| Source records |
##########

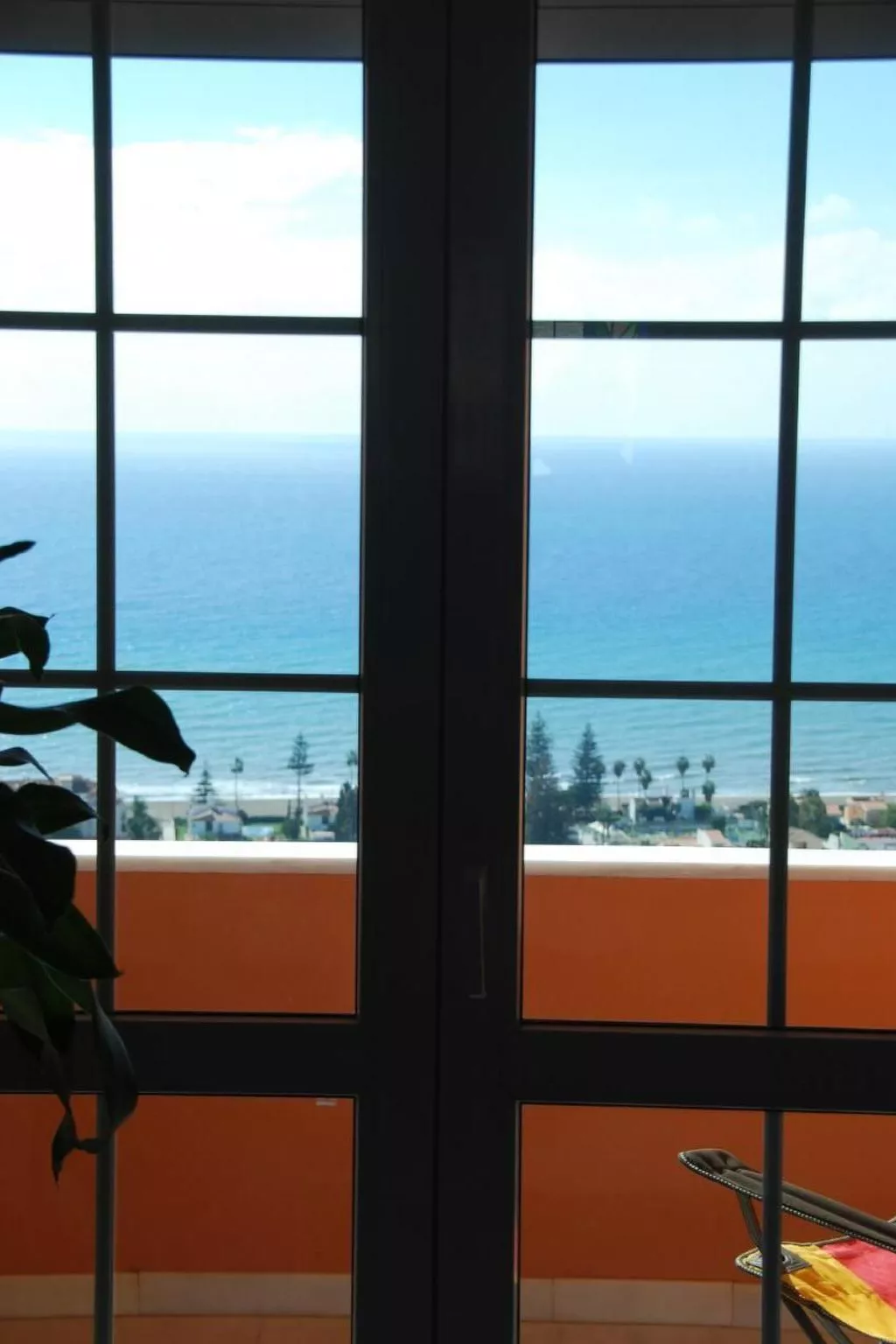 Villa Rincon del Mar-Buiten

##########

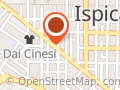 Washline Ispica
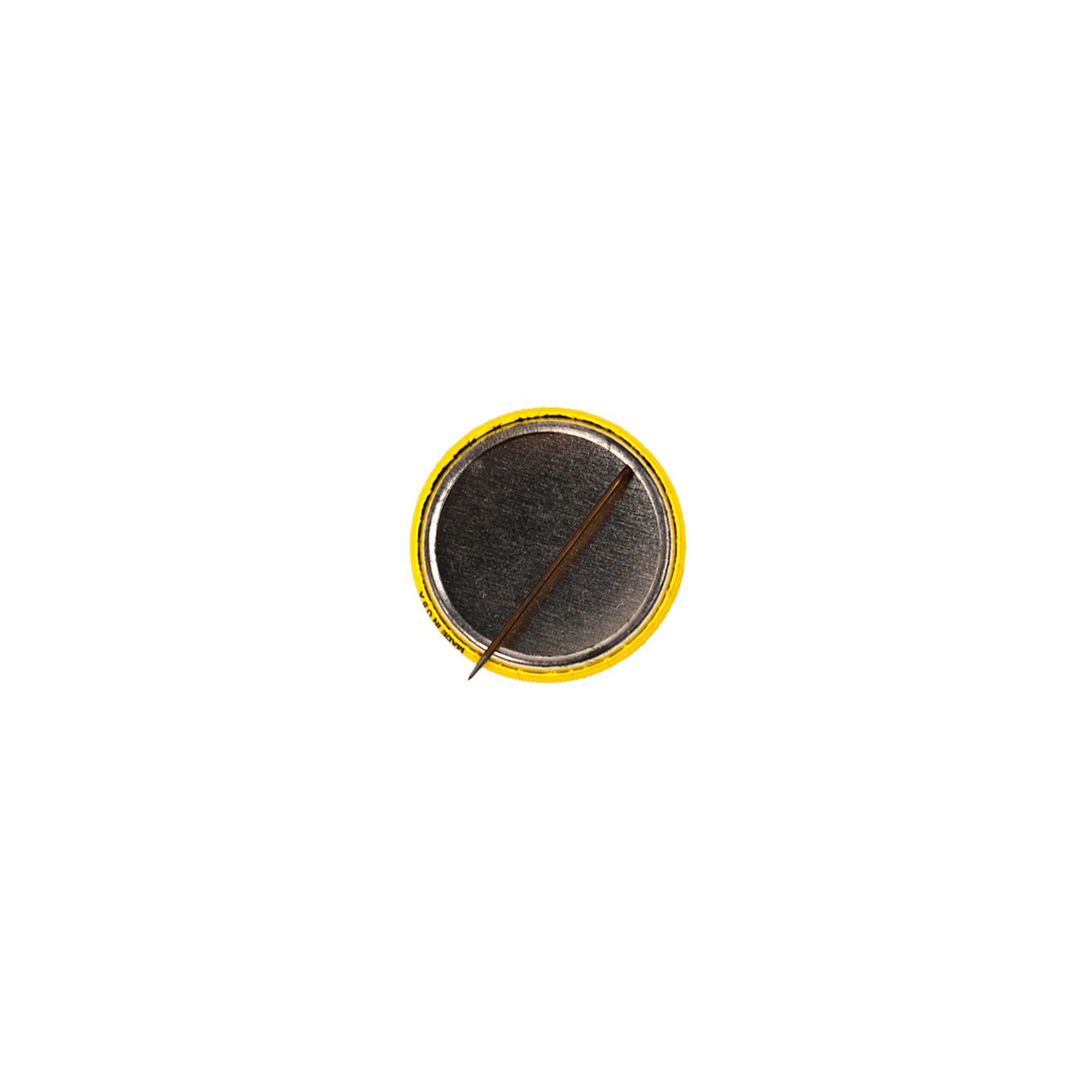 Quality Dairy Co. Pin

##########

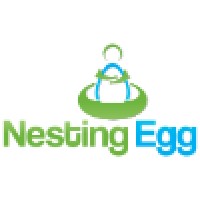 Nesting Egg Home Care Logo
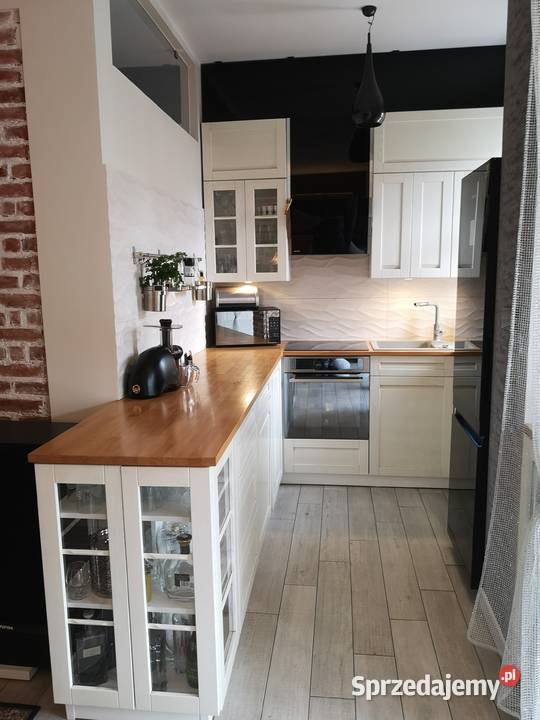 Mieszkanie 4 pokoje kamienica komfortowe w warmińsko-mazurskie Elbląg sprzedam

##########

| Task details |
Copy word for word the lines of the records above from the one with "Nesting Egg Home Care Logo" up to and including the one with "Mieszkanie 4 pokoje". Skip the pictures.

| Response for this exercise |
 Nesting Egg Home Care Logo
 Mieszkanie 4 pokoje kamienica komfortowe w warmińsko-mazurskie Elbląg sprzedam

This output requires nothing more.